Thursday, February 2, 2017

The Heartbreak School

 I am quite interested in Parker J. Palmer's unique perspectives in his book Healing the Heart of Democracy, and in particular a line where he remarks, "Everyday life is a school of the spirit that offers us chance after chance to practice dealing with heartbreak." (p.59) This perspective is interesting when Palmer makes a distinction between breaking down and breaking out. Whereas breaking down refers to the tendency for the heart to withdraw or even shut down in the face of pain and suffering, this breaking 'outward' is more like using the experience of heartbreak to open the heart to more tension. I tend to think of it as a kind of challenge to the sense that we can ever take our suffering and reduce it to a single explanation about who we are. Perhaps the meaning of suffering in fact is to leave a person completely in the lurch regarding who they are, but without denying them the sense of responsibility for their existence and how it is unfolding in the moment.
    In myself, I find it's common for me to withdraw from suffering by trying to see myself in it. I might start to blame myself for the problem I am facing or even put a label on myself for having this problem. Overall, it creates the false sense of isolation, as though only "I" in my special weakness could have this problem. In fact, it may very well be the exact same burden that everyone has, but when I put myself in front of the experience, I make it seem as though only I am having it.
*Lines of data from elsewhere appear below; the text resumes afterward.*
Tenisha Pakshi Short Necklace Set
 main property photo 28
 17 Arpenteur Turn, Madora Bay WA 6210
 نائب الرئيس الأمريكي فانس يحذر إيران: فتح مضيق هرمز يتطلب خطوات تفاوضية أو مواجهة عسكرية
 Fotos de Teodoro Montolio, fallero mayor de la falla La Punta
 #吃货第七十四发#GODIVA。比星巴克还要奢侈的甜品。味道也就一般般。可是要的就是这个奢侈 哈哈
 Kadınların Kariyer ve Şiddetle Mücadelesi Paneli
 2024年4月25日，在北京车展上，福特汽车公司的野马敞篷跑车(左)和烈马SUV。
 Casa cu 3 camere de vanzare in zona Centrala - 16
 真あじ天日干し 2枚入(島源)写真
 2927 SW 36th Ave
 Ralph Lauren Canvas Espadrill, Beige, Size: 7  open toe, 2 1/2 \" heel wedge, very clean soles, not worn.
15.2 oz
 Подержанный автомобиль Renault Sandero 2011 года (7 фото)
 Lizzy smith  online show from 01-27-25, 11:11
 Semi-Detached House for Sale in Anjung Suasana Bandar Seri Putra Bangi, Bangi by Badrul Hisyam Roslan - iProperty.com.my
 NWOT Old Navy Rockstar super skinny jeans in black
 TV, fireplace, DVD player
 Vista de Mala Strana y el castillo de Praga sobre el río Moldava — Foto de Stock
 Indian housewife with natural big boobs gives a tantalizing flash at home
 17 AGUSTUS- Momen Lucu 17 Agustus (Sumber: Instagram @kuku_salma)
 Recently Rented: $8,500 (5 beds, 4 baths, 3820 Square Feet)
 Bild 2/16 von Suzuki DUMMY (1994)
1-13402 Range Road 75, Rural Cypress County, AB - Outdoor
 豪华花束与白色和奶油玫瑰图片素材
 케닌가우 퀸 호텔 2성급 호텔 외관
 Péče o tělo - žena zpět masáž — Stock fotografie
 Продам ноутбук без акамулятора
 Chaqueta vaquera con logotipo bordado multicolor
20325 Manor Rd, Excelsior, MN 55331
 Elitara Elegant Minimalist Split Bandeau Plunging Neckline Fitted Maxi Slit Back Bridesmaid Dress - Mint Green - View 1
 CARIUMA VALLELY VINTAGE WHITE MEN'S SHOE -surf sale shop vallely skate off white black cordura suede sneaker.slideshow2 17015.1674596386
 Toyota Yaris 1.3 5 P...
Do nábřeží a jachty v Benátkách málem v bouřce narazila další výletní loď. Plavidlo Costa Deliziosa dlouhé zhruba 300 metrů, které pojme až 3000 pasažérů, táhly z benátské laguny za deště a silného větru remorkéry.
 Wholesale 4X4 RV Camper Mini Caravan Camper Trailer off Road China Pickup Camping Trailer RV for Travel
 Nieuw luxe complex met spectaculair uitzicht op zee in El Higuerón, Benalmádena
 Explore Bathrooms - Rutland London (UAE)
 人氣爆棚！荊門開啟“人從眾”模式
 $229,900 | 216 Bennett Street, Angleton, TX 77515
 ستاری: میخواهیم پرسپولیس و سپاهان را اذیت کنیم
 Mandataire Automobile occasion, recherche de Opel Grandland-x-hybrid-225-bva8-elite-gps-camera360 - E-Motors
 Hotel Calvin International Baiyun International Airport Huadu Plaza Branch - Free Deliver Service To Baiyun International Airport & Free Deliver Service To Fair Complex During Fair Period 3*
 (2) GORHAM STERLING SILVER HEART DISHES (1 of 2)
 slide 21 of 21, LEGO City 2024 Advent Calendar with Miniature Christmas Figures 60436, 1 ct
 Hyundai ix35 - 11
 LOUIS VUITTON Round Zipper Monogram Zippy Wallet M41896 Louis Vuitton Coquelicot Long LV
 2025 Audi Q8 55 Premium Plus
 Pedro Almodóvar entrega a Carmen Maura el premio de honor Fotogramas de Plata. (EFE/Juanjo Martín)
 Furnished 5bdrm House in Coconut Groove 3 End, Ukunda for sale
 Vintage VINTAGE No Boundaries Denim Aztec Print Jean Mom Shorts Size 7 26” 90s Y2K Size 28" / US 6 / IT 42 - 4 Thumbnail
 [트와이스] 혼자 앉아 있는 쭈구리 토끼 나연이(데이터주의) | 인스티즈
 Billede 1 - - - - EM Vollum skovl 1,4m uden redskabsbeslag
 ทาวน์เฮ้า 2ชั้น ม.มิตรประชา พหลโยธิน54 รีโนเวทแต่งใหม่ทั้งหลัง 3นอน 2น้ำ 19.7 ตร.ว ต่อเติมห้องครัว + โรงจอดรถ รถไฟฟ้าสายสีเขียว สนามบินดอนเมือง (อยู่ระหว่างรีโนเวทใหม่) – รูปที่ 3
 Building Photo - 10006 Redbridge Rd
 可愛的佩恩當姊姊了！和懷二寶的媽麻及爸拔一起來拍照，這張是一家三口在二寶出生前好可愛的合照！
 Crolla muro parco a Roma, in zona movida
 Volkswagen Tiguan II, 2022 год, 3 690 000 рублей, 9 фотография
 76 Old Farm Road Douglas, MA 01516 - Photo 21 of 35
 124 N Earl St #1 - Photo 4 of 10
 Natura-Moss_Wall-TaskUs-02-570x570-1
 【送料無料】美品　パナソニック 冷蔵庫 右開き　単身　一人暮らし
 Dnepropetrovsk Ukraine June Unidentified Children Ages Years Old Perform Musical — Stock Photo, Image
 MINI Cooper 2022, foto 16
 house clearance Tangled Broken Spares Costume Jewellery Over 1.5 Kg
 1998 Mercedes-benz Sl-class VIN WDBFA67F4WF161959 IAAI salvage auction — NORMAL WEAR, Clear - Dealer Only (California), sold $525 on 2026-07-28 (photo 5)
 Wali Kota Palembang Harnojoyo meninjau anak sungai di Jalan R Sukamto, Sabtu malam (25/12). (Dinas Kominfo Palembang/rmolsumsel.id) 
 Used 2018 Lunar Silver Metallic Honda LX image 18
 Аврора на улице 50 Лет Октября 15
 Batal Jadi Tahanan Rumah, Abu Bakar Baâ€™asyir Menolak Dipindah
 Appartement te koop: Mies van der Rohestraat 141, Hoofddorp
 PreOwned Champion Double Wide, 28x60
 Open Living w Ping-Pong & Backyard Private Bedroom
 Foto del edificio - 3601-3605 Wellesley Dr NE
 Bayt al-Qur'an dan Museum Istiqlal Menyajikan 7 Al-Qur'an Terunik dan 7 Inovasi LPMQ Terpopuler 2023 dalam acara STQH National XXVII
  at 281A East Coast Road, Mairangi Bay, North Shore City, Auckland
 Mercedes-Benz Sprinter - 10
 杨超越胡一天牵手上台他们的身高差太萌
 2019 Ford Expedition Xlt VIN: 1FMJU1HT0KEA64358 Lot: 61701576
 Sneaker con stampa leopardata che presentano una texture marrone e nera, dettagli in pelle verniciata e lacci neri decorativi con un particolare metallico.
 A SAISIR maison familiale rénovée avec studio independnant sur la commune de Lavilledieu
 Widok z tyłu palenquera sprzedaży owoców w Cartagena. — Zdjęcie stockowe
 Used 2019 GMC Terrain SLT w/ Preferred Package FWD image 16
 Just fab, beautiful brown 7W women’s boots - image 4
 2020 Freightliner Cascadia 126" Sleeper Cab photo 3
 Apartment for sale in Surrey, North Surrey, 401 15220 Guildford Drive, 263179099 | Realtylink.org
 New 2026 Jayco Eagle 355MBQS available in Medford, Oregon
    What would life be like if, rather than narrating suffering from the perspective of I, there was this vulnerable honesty about all the fragility that comes with suffering? What if I fully experience my fallibility and fragility, without having to name myself as being 'this' or 'that'--in other words, just experiencing the pain in the raw without putting any special narrative on it? I believe this is an interesting challenge that Palmer poses in his book which I would like to explore in my spiritual practice.